▸ **WORK TASK**
Your task is to repeat the entries exactly. Leave the pictures out.

▸ **Data extracted from a collection**
========

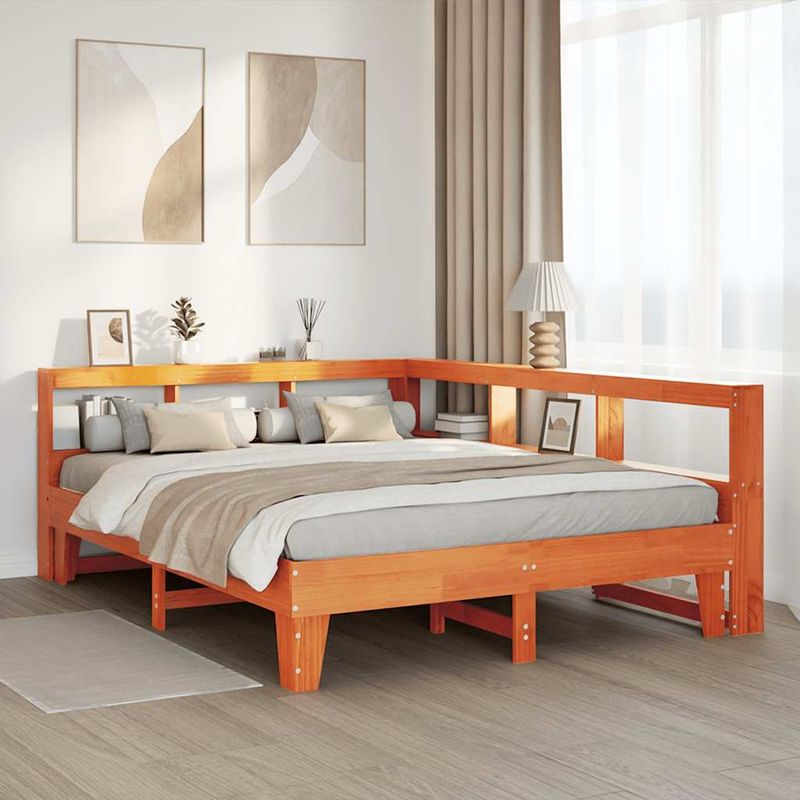Casa si Gradina - Mobilier - Paturi si accesorii - Paturi - Pat cu biblioteca fara saltea maro 150x200 cm lemn masiv de pin - Infinity.ro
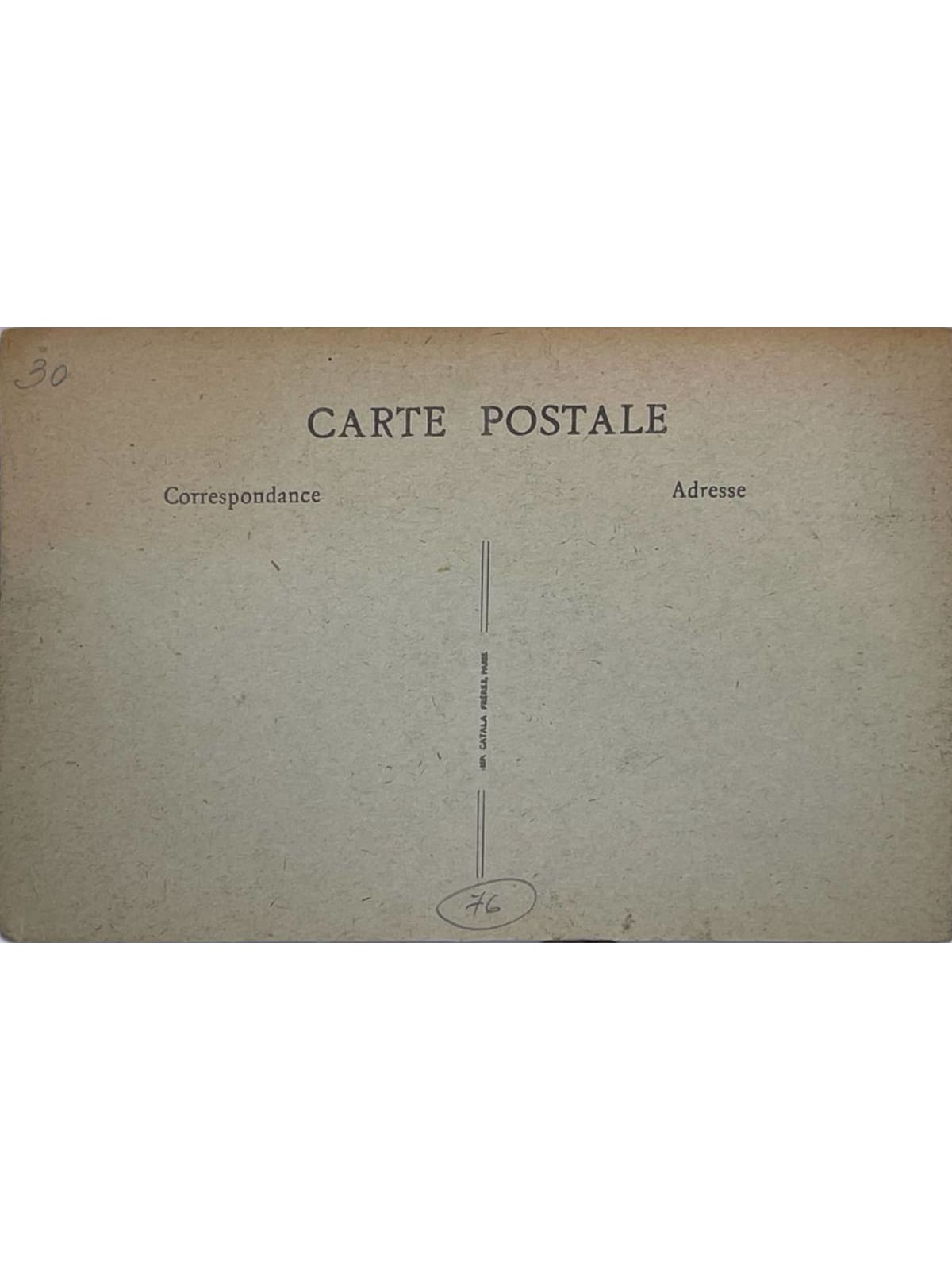 Verso de la carte postale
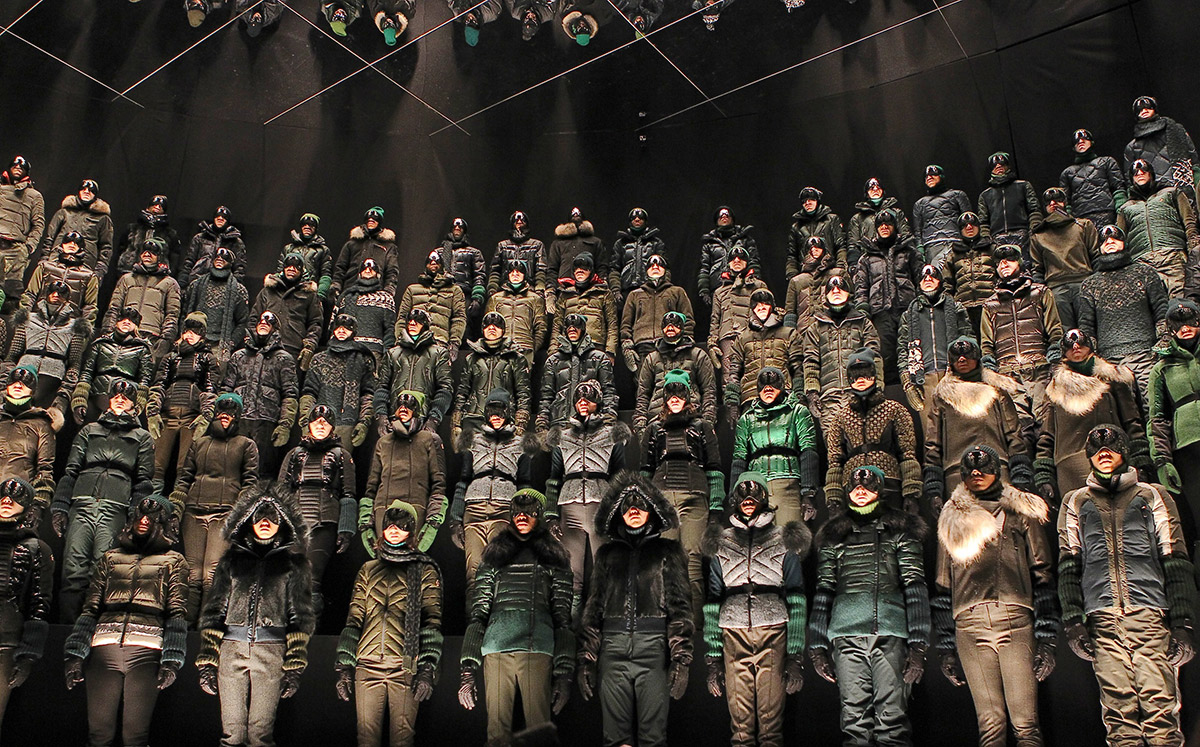 Moncler Grenoble Fall 2013 presentation gotham hall menswear outerwear snow fashion week new york fall 2013 instillation models stormtroopers star wars lenny kravitz are you gonna go my way fascism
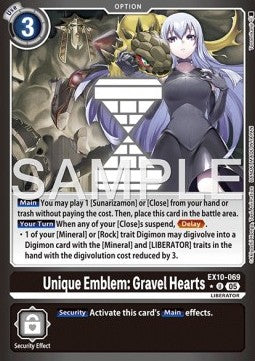 Unique Emblem: Gravel Hearts (EX10-069) (V.2) - Sinister Order (Alternative Art) [069]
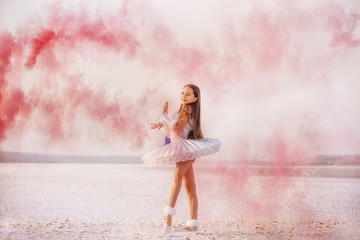 Tender young ballerina dancer in a snow-white tutu dress and white pointe shoes in pink smoke.  on a salty dried lake. Fantastic landscape and a girl  ballerina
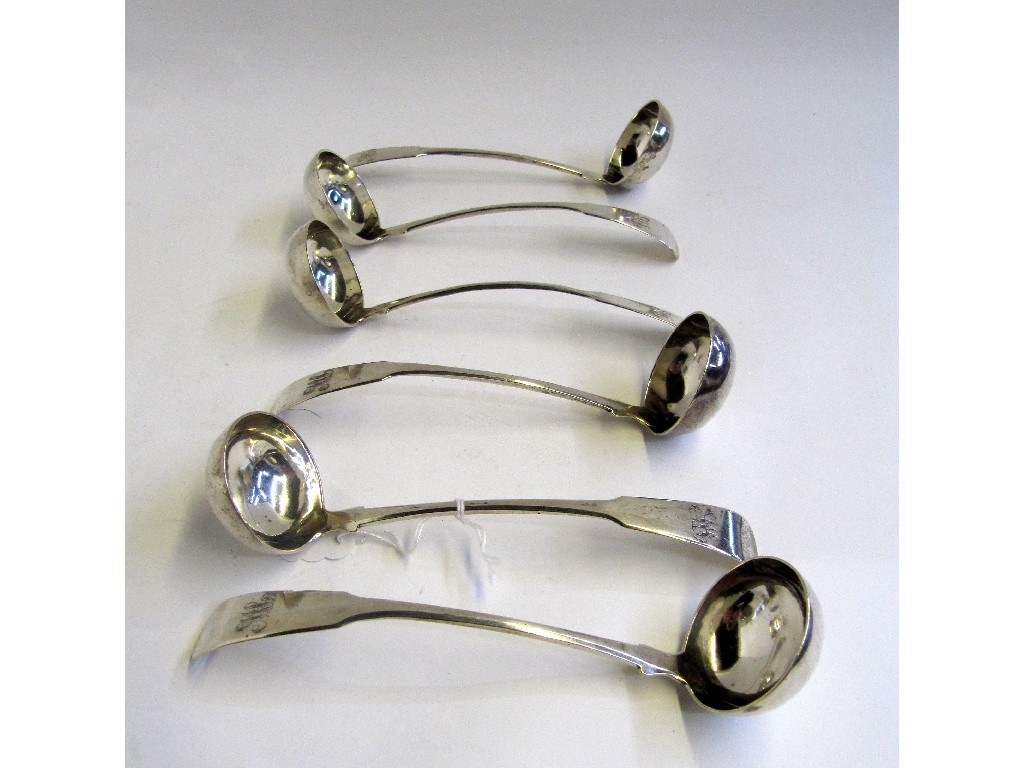 Appraisal: A set of six silver sauce ladles Glasgow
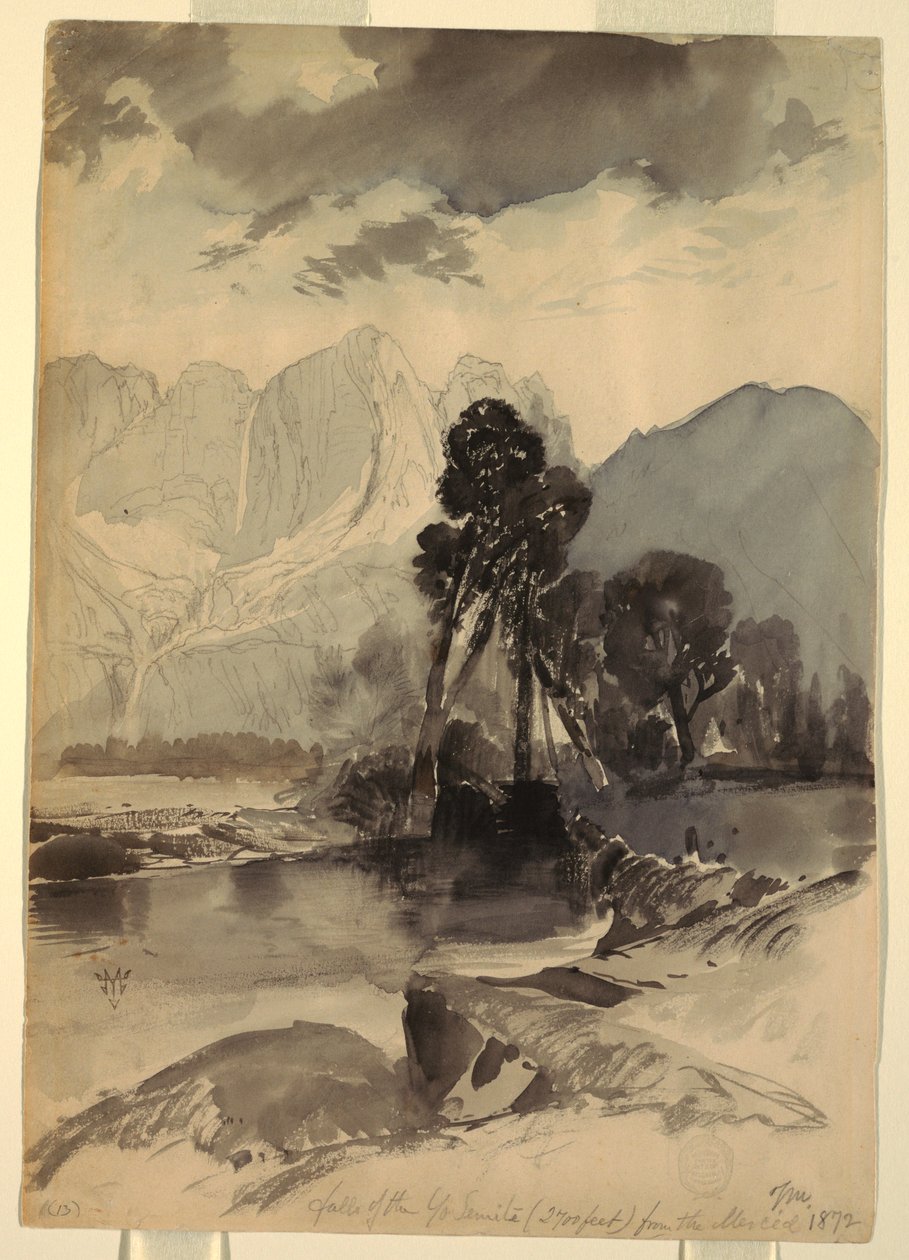 Teckning, Yosemites vattenfall, 1872 av Thomas Moran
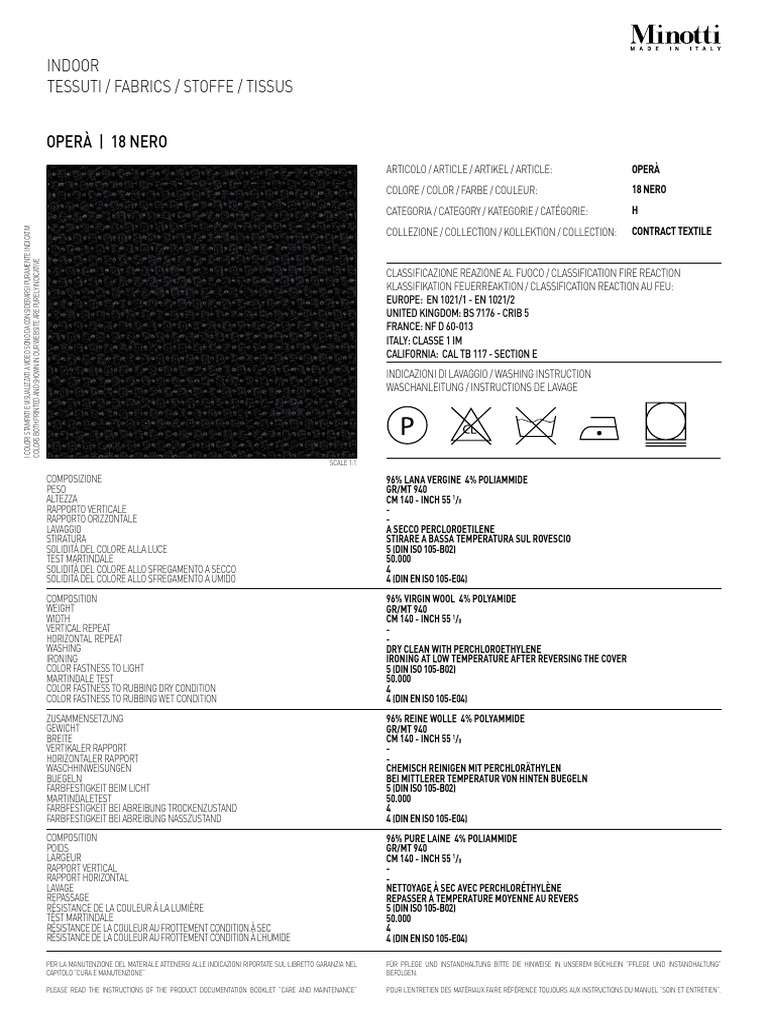 Tissus Contractuels Opéra 18 Noir | PDF | Entretien des textiles ...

========

▸ **FINAL ANSWER**
Casa si Gradina - Mobilier - Paturi si accesorii - Paturi - Pat cu biblioteca fara saltea maro 150x200 cm lemn masiv de pin - Infinity.ro
 Verso de la carte postale
 Moncler Grenoble Fall 2013 presentation gotham hall menswear outerwear snow fashion week new york fall 2013 instillation models stormtroopers star wars lenny kravitz are you gonna go my way fascism
 Unique Emblem: Gravel Hearts (EX10-069) (V.2) - Sinister Order (Alternative Art) [069]
 Tender young ballerina dancer in a snow-white tutu dress and white pointe shoes in pink smoke.  on a salty dried lake. Fantastic landscape and a girl  ballerina
 Appraisal: A set of six silver sauce ladles Glasgow
 Teckning, Yosemites vattenfall, 1872 av Thomas Moran
 Tissus Contractuels Opéra 18 Noir | PDF | Entretien des textiles ...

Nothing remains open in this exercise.